I was asked back in February to join the Indiana Department of Health Advisory Committee for Early Hearing Detection and Intervention as a “deaf adult” representative. It really is interesting to me that as someone who lost their hearing as an adult and has no children, I actually have gained quite a bit of knowledge and understanding about this topic over the years. My knowledge is clearly only academic, but it is nice to be asked to participate on this committee. I also LOVE to talk about my hearing loss and my use of technology – I stayed for an hour after talking with a woman whose 5 year old has bilateral implants and uses the same processor I do. She had never met an adult with an implant before, so I was happy to give her any information I could to help.
Often, I will equate my time as a child with Crohn’s to that of a deaf child – it’s something that is isolating, unknown and not understood by your classmates, often requires time off of school for appointments, often requires special accommodations. I am always heartened when I hear stories such as one my manager told me the other day – her son has a classmate with an implant, so he is trying to learn about it and understand it and help the classmate out. It’s not quite as unknown or taboo as it once was to be the “deaf kid”. Although, unfortunately stories of bullying and flushing implant processors down the toilet and things like that still exist. My colleagues and I at Hear Indiana are working best we can to educate about hearing loss and hearing devices, but there is still a very long way to go.
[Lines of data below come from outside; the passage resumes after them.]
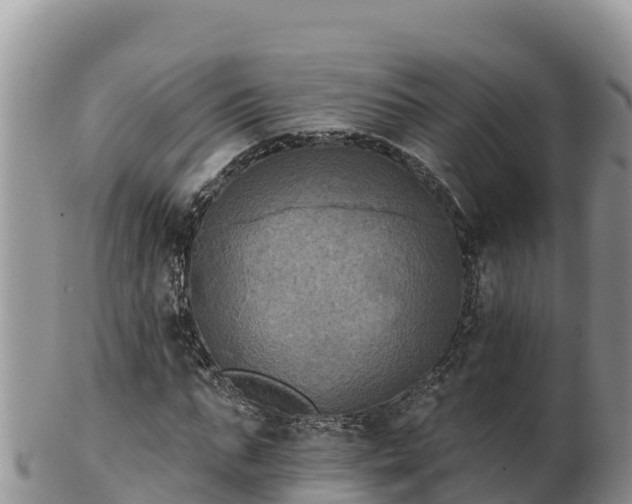 X0000102240871200808011246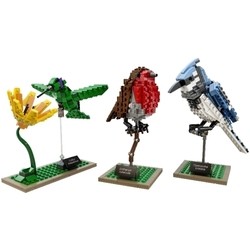 Lego Birds 21301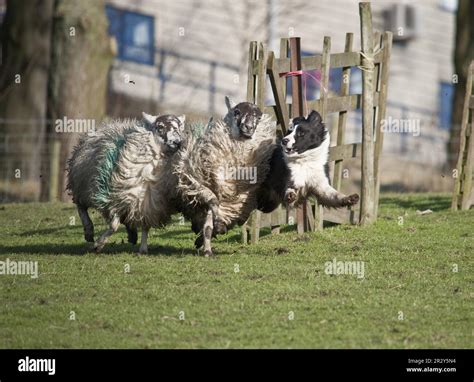Border collie herding sheep hi-res stock photography and images - Alamy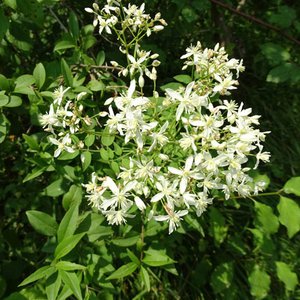 Aufrechte Waldrebe / Clematis recta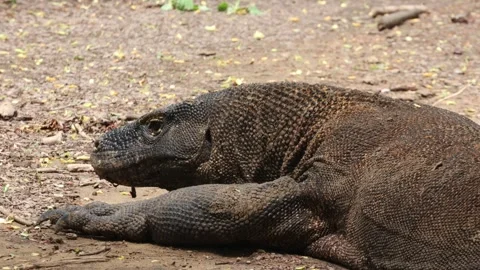 Komodo dragon Stock Footage 296353604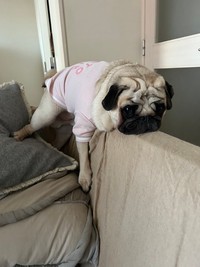 「なぜかソファの背の上に乗るのがお気に入り」（提供：シャルル@パグさん）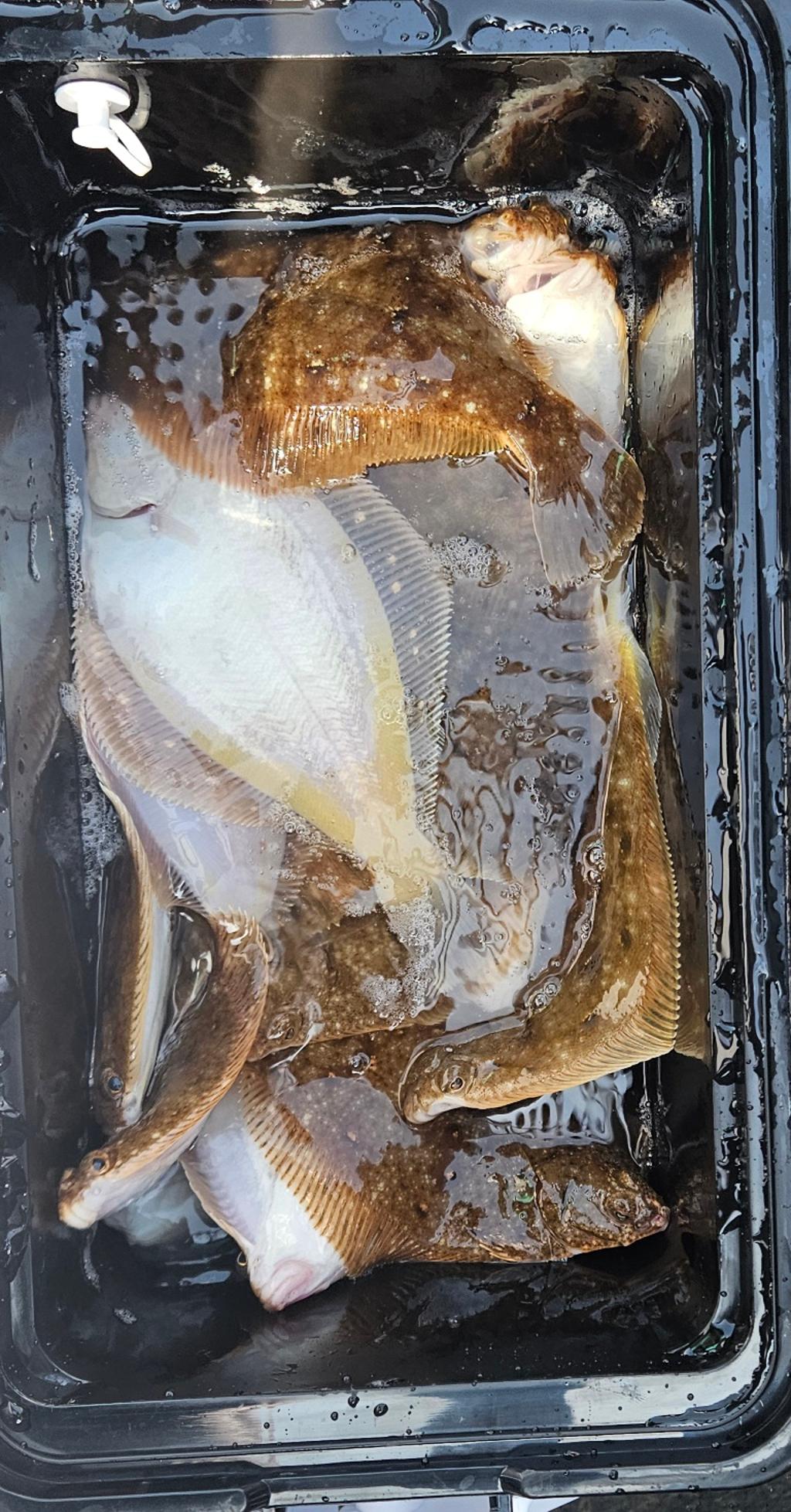 F2641708YA.jpg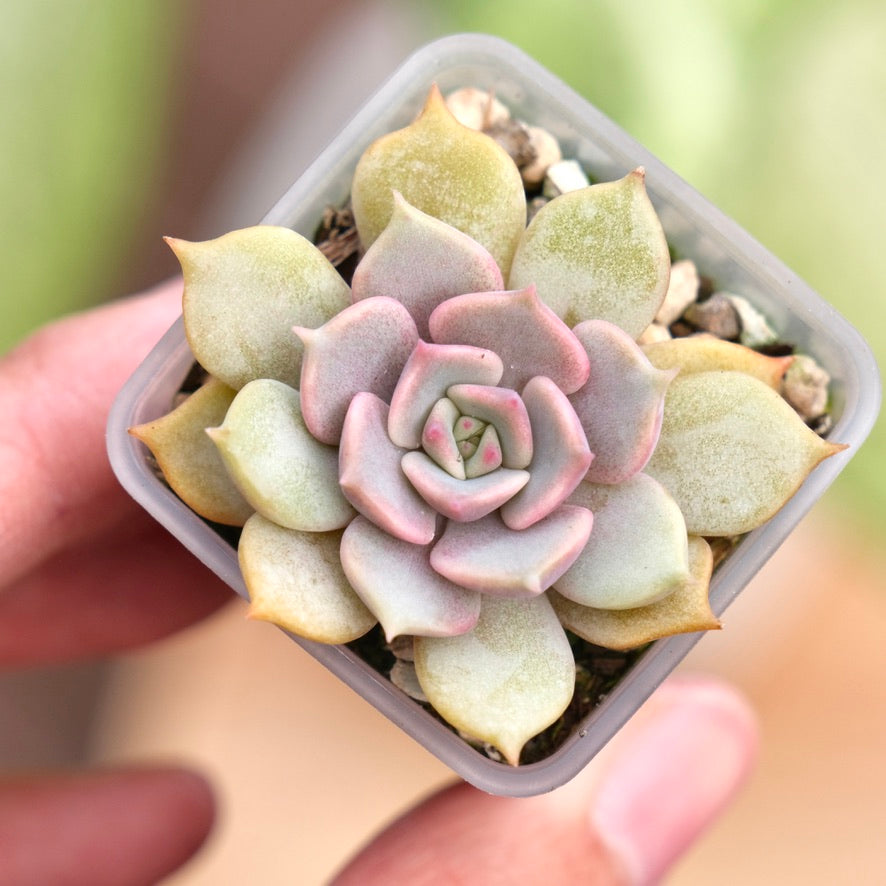 Echeveria Pink Floyd Korean Succulent Plant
Anyway, back to the point of this post – I suppose I should not expect 15 years of deaf person habits to just go away after 6 months because I can suddenly hear. It’s just more amusing to me than anything else. I still have a hard time believing how I used to survive in the hearing world prior to this. I was in line at the food truck at work last week, and the woman in front of me asked if I could tell her when they call her name because she doesn’t hear very well – I told her yes, and told her I also don’t hear very well (and it turned out the man behind us has a 2 year old daughter with bilateral implants). I told her my trick for what I would do at the food truck – pay close attention to who orders in front of you, because 90% of the time orders will be done in the order they were received. So when you see that person picking up their order, you go close to the window and assume the next one called is you – then you wait a second to see if anyone else goes to pick it up and if they don’t, you do. I don’t have to do that anymore either. Again, still do it though even when I KNOW it’s my name they called. Habit.
Just a quick update from my last post while I’m here – I ended up going back to my audiologist a week after my last programming because turning off electrode #13 was definitely important. The pitch compensation from the other electrodes just sounded off, especially with music. I couldn’t find the key of songs to sing along with them because the pitch I was hearing and the pitch I though it should be weren’t the same. So I went back and we turned it back on and everything is really good now. Still a little bit of the tin-can effect on my implant ear, but nothing like it was before I went in for my last mapping.